The danger is that even with interest rate cuts, banks may pull back on lending in response to the virus resulting in a credit crunch. Consequently, alongside the reduction in bank rate the Bank of England announced a new programme to incentivise banks to lend to small and medium sized enterprises (term funding for SMEs). These measures, alongside those announced in the UK budget such as the government’s business loan scheme (which guarantees a portion of banks’ exposure) are designed to ensure that there is sufficient support to bridge firms over the crisis. Today’s action by the European Central Bank is in the same vein, although they did not cut rates measures were introduced to boost bank lending to SME’s alongside an increase in asset purchases.
The US may take a more direct approach by bailing out the airline sector in the same way as autos received support in 2009. It is also likely that we see a broader fiscal package including a cut in payroll taxes to support the economy. Meanwhile, the Fed can be expected to cut rates further, by probably another 50 basis points. However, there is also a case for an expansion of the QE programme to include purchases of corporate bonds. The ECB already includes credit in its asset purchase programme and although this would require a change in the law in the US, it may be more effective than rate cuts as it would help reduce stress in one of the key conduits of capital to the economy.

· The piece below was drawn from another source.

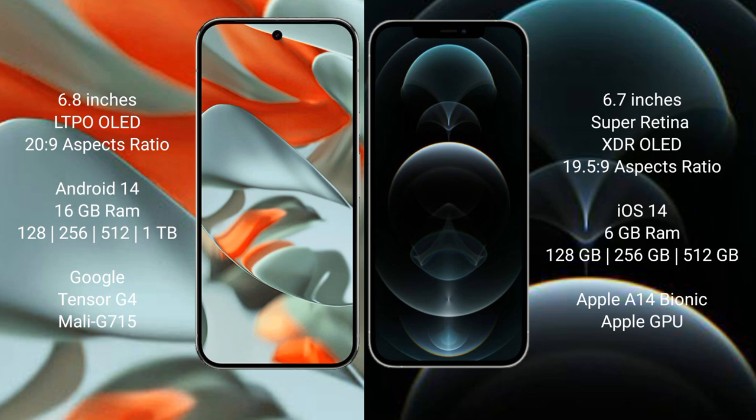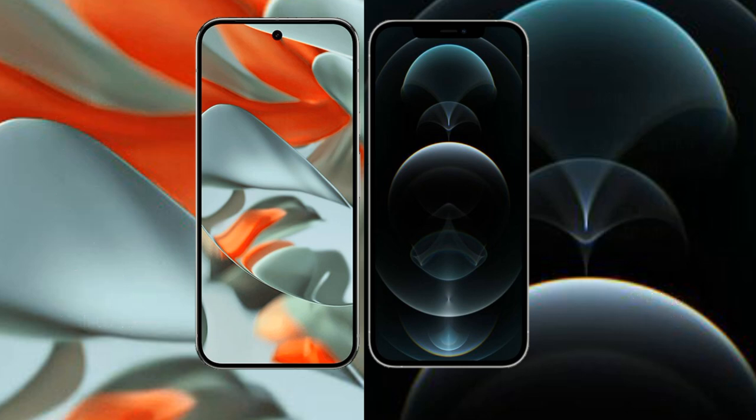Google Tensor G4 processor and Mali-G715 GPU. iPhone 12 Pro Max comes with 6GB RAM and 128GB, 256GB, 512GB internal storage options. Apple A14 Bionic processor and Apple GPU.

We are planning to issue an updated forecast next week where we would be looking for a deeper downturn in global activity as a result of recent developments. It is quite likely that this tips the world economy, which we have described as a wobbly bike due to its slow pace of activity, into recession and depends on European developments and the scale of the impact on the US. The situation in Europe could get worse, but the US is the bigger swing factor given its size and role as a driver of global demand. Our expectations for US growth are already low at 1.6% for 2020, but US recession would mean global recession.
Central banks have moved quickly and should be able to provide the basis for a recovery later in 2020. In many ways the world economy is better placed to cope with such shocks than in 2008: the central banks have developed new tools and the banking system is well capitalised. Investors are now looking for action on the fiscal front. The UK has led on this and we expect China to follow, while we await the US and eurozone response. Monetary and fiscal tools are weak in the face of the virus and until the outbreak is under control the tail risk of a prolonged slump remains high.